Visiting the sick is one of the seven Corporal Works of Mercy. To me it always conjures up visions of cool, wide-aisled hospitals in southern Europe around the turn of the seventeenth century; or Victorian ladies bringing soup and improving literature to the hovels of the poor in industrial Britain. Recently, however, I have been confronted by its contemporary reality. I’m not exactly well, so people visit me, either here at the monastery, by telephone, or online via email and Social Media. It may amuse you for a minute or two if I share a few thoughts, from the point of view of one being visited rather than doing the visiting.
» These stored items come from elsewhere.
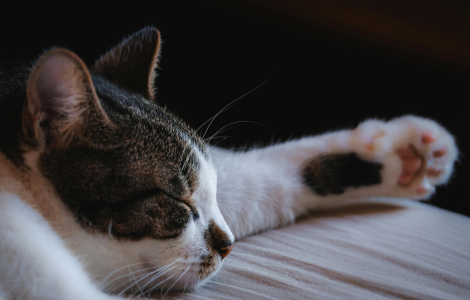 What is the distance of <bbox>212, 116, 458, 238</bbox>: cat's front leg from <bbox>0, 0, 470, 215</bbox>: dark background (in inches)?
6.4

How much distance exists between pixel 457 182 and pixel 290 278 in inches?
31.3

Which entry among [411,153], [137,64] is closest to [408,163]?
[411,153]

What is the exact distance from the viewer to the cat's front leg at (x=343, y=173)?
0.87 metres

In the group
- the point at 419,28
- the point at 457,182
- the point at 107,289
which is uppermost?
the point at 419,28


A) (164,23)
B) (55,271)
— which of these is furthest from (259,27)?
(55,271)

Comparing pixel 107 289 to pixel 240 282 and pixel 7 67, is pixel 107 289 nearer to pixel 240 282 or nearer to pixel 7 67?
pixel 240 282

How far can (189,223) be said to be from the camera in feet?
1.96

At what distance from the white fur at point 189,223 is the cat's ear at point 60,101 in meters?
0.06

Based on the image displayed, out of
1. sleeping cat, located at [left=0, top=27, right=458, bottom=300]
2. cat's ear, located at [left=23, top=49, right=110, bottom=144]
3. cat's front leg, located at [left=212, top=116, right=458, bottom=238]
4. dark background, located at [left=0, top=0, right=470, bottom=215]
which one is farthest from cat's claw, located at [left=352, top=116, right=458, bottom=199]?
cat's ear, located at [left=23, top=49, right=110, bottom=144]

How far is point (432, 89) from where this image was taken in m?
1.11

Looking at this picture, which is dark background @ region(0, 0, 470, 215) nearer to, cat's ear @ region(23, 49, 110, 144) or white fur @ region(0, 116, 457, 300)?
white fur @ region(0, 116, 457, 300)

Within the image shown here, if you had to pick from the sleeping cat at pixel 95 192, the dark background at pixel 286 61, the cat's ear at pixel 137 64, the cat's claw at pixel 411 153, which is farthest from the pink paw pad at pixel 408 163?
the cat's ear at pixel 137 64

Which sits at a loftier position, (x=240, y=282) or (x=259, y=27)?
(x=259, y=27)

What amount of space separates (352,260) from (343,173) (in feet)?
0.80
It is very nice to know that people care, especially when one is no longer able to do many of the things one used to take for granted. The unexpected ‘phone call from an old friend living far away, the brief visit from a friend, old or new — these are (usually) a delight. But the telephone call that comes just as one is about to go to bed; the ‘friend’ who claims to be of long-standing since we met twenty years ago at a conference and therefore drops in unannounced; the group that turns up expecting tea and cake as they do their Christian duty of visiting the sick — these sometimes strain the charity of the one being blessed by their presence. The truth is, when one isn’t well, one’s mood is unpredictable. There can be sudden and dispiriting losses of energy; one can become peevish over trifles; one isn’t always as welcoming as one would like to be, and then is left full of regret when one hasn’t risen to the occasion. The people one would most like to see tend to be very reluctant to put themselves forward. They don’t telephone or visit for fear of intruding. The net result is that the sick see rather more than they want of people they don’t greatly care for, and far too little of those they do. It is part of what it means to be sick, losing the ability to choose how one spends one’s time and with whom; and because I am a lazy letter-writer and am eternally slithering about on the slopes of the monastery’s email mountain, I am full of regret at the friends I haven’t been able to keep up with, and the people I have (unintentionally) ignored.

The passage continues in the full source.